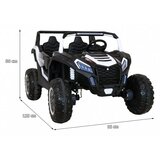 Lean_Toys Otroški avto na akumulator Buggy 24V 400W bela lea A032 | Shoptok.si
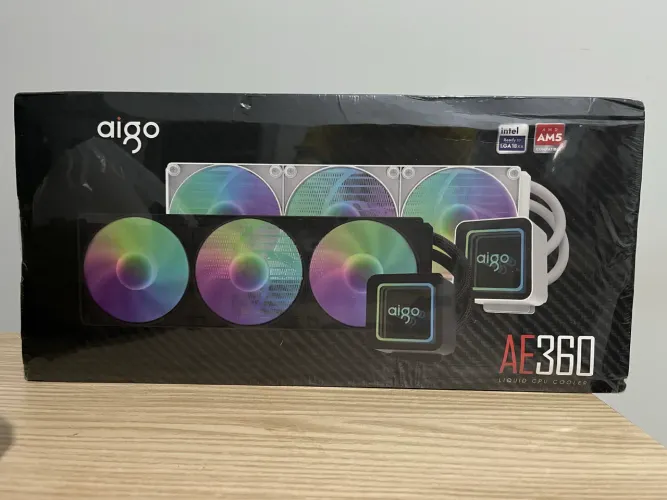 Water cooler ae360mm aigo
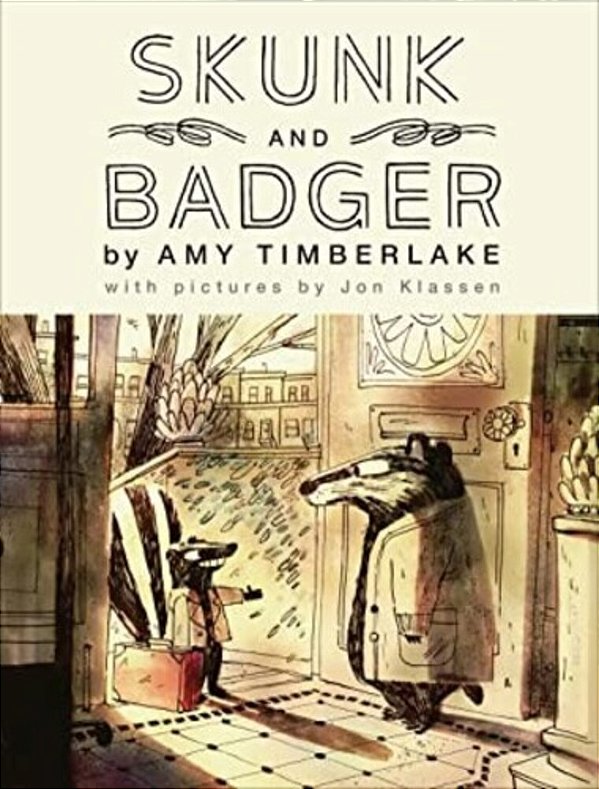 Skunk And Badger-..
•••••
Go through the data and return every word of it verbatim, leaving out the pictures.

The answer:
 Lean_Toys Otroški avto na akumulator Buggy 24V 400W bela lea A032 | Shoptok.si
 Water cooler ae360mm aigo
 Skunk And Badger-..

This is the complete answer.